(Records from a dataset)

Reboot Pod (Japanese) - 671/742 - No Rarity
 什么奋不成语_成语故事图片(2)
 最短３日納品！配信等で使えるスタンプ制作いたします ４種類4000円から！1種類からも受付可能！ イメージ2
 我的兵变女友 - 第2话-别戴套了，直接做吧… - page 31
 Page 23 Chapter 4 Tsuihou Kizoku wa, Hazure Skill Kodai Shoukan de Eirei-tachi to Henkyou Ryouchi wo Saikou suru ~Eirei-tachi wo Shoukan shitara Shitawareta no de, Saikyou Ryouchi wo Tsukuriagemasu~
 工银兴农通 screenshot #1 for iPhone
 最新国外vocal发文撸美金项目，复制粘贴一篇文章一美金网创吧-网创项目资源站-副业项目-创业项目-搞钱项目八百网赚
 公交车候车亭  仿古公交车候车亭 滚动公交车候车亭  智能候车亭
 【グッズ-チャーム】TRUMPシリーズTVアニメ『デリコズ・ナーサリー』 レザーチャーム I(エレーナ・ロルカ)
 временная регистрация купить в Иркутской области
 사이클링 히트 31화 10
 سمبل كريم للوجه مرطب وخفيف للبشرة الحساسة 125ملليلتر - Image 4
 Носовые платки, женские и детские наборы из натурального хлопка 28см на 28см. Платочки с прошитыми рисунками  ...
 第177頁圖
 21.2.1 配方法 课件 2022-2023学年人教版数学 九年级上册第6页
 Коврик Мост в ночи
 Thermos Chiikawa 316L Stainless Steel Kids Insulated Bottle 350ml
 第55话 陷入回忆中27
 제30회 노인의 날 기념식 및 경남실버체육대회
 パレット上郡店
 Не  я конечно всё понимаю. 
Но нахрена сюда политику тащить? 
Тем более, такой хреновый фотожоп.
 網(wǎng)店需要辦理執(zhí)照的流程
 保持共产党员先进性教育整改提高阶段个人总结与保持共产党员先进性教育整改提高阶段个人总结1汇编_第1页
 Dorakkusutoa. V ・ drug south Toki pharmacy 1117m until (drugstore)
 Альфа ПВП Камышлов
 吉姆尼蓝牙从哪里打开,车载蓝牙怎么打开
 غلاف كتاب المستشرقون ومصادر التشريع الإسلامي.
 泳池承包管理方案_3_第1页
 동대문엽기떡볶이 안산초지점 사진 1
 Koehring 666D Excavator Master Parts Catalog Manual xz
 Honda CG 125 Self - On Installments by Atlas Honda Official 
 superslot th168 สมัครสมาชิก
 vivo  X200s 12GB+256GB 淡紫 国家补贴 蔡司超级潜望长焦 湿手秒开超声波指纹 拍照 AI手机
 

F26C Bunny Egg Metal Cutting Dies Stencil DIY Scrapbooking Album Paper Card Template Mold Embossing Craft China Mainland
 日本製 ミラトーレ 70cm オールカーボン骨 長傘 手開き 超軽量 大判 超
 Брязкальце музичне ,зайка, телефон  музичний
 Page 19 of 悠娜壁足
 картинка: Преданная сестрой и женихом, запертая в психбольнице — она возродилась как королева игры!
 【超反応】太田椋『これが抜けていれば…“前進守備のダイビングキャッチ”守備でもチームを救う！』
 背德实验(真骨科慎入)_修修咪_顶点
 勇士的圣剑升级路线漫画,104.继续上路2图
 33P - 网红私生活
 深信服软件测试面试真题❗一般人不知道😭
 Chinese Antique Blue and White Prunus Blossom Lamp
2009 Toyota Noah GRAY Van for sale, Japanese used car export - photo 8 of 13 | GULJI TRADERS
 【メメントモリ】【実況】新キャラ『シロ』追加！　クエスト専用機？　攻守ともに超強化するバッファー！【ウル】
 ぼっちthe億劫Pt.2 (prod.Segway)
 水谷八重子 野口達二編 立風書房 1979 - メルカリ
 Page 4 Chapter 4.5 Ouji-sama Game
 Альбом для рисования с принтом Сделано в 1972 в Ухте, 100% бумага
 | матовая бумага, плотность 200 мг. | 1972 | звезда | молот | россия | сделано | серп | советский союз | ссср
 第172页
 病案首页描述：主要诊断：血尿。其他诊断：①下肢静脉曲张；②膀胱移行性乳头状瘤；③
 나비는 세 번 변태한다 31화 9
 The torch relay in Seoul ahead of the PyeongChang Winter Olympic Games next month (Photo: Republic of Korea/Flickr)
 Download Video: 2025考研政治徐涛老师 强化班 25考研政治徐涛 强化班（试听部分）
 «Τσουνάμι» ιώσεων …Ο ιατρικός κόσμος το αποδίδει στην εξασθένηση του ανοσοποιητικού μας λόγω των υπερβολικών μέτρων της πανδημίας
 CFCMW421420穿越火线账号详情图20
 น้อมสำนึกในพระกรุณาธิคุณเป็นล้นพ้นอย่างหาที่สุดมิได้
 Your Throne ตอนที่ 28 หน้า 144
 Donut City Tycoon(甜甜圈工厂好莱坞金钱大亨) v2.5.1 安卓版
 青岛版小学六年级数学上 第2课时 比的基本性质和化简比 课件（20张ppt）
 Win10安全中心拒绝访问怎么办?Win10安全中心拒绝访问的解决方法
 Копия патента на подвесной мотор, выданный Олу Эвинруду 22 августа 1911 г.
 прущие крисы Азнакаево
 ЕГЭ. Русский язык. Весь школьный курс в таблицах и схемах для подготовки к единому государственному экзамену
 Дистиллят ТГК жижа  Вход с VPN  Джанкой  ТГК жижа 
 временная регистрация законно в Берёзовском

TASK: The answer must be a word-for-word transcription of every record above.

EXPECTED OUTPUT:
Reboot Pod (Japanese) - 671/742 - No Rarity
 什么奋不成语_成语故事图片(2)
 最短３日納品！配信等で使えるスタンプ制作いたします ４種類4000円から！1種類からも受付可能！ イメージ2
 我的兵变女友 - 第2话-别戴套了，直接做吧… - page 31
 Page 23 Chapter 4 Tsuihou Kizoku wa, Hazure Skill Kodai Shoukan de Eirei-tachi to Henkyou Ryouchi wo Saikou suru ~Eirei-tachi wo Shoukan shitara Shitawareta no de, Saikyou Ryouchi wo Tsukuriagemasu~
 工银兴农通 screenshot #1 for iPhone
 最新国外vocal发文撸美金项目，复制粘贴一篇文章一美金网创吧-网创项目资源站-副业项目-创业项目-搞钱项目八百网赚
 公交车候车亭  仿古公交车候车亭 滚动公交车候车亭  智能候车亭
 【グッズ-チャーム】TRUMPシリーズTVアニメ『デリコズ・ナーサリー』 レザーチャーム I(エレーナ・ロルカ)
 временная регистрация купить в Иркутской области
 사이클링 히트 31화 10
 سمبل كريم للوجه مرطب وخفيف للبشرة الحساسة 125ملليلتر - Image 4
 Носовые платки, женские и детские наборы из натурального хлопка 28см на 28см. Платочки с прошитыми рисунками  ...
 第177頁圖
 21.2.1 配方法 课件 2022-2023学年人教版数学 九年级上册第6页
 Коврик Мост в ночи
 Thermos Chiikawa 316L Stainless Steel Kids Insulated Bottle 350ml
 第55话 陷入回忆中27
 제30회 노인의 날 기념식 및 경남실버체육대회
 パレット上郡店
 Не  я конечно всё понимаю. 
Но нахрена сюда политику тащить? 
Тем более, такой хреновый фотожоп.
 網(wǎng)店需要辦理執(zhí)照的流程
 保持共产党员先进性教育整改提高阶段个人总结与保持共产党员先进性教育整改提高阶段个人总结1汇编_第1页
 Dorakkusutoa. V ・ drug south Toki pharmacy 1117m until (drugstore)
 Альфа ПВП Камышлов
 吉姆尼蓝牙从哪里打开,车载蓝牙怎么打开
 غلاف كتاب المستشرقون ومصادر التشريع الإسلامي.
 泳池承包管理方案_3_第1页
 동대문엽기떡볶이 안산초지점 사진 1
 Koehring 666D Excavator Master Parts Catalog Manual xz
 Honda CG 125 Self - On Installments by Atlas Honda Official 
 superslot th168 สมัครสมาชิก
 vivo  X200s 12GB+256GB 淡紫 国家补贴 蔡司超级潜望长焦 湿手秒开超声波指纹 拍照 AI手机
 

F26C Bunny Egg Metal Cutting Dies Stencil DIY Scrapbooking Album Paper Card Template Mold Embossing Craft China Mainland
 日本製 ミラトーレ 70cm オールカーボン骨 長傘 手開き 超軽量 大判 超
 Брязкальце музичне ,зайка, телефон  музичний
 Page 19 of 悠娜壁足
 картинка: Преданная сестрой и женихом, запертая в психбольнице — она возродилась как королева игры!
 【超反応】太田椋『これが抜けていれば…“前進守備のダイビングキャッチ”守備でもチームを救う！』
 背德实验(真骨科慎入)_修修咪_顶点
 勇士的圣剑升级路线漫画,104.继续上路2图
 33P - 网红私生活
 深信服软件测试面试真题❗一般人不知道😭
 Chinese Antique Blue and White Prunus Blossom Lamp
2009 Toyota Noah GRAY Van for sale, Japanese used car export - photo 8 of 13 | GULJI TRADERS
 【メメントモリ】【実況】新キャラ『シロ』追加！　クエスト専用機？　攻守ともに超強化するバッファー！【ウル】
 ぼっちthe億劫Pt.2 (prod.Segway)
 水谷八重子 野口達二編 立風書房 1979 - メルカリ
 Page 4 Chapter 4.5 Ouji-sama Game
 Альбом для рисования с принтом Сделано в 1972 в Ухте, 100% бумага
 | матовая бумага, плотность 200 мг. | 1972 | звезда | молот | россия | сделано | серп | советский союз | ссср
 第172页
 病案首页描述：主要诊断：血尿。其他诊断：①下肢静脉曲张；②膀胱移行性乳头状瘤；③
 나비는 세 번 변태한다 31화 9
 The torch relay in Seoul ahead of the PyeongChang Winter Olympic Games next month (Photo: Republic of Korea/Flickr)
 Download Video: 2025考研政治徐涛老师 强化班 25考研政治徐涛 强化班（试听部分）
 «Τσουνάμι» ιώσεων …Ο ιατρικός κόσμος το αποδίδει στην εξασθένηση του ανοσοποιητικού μας λόγω των υπερβολικών μέτρων της πανδημίας
 CFCMW421420穿越火线账号详情图20
 น้อมสำนึกในพระกรุณาธิคุณเป็นล้นพ้นอย่างหาที่สุดมิได้
 Your Throne ตอนที่ 28 หน้า 144
 Donut City Tycoon(甜甜圈工厂好莱坞金钱大亨) v2.5.1 安卓版
 青岛版小学六年级数学上 第2课时 比的基本性质和化简比 课件（20张ppt）
 Win10安全中心拒绝访问怎么办?Win10安全中心拒绝访问的解决方法
 Копия патента на подвесной мотор, выданный Олу Эвинруду 22 августа 1911 г.
 прущие крисы Азнакаево
 ЕГЭ. Русский язык. Весь школьный курс в таблицах и схемах для подготовки к единому государственному экзамену
 Дистиллят ТГК жижа  Вход с VPN  Джанкой  ТГК жижа 
 временная регистрация законно в Берёзовском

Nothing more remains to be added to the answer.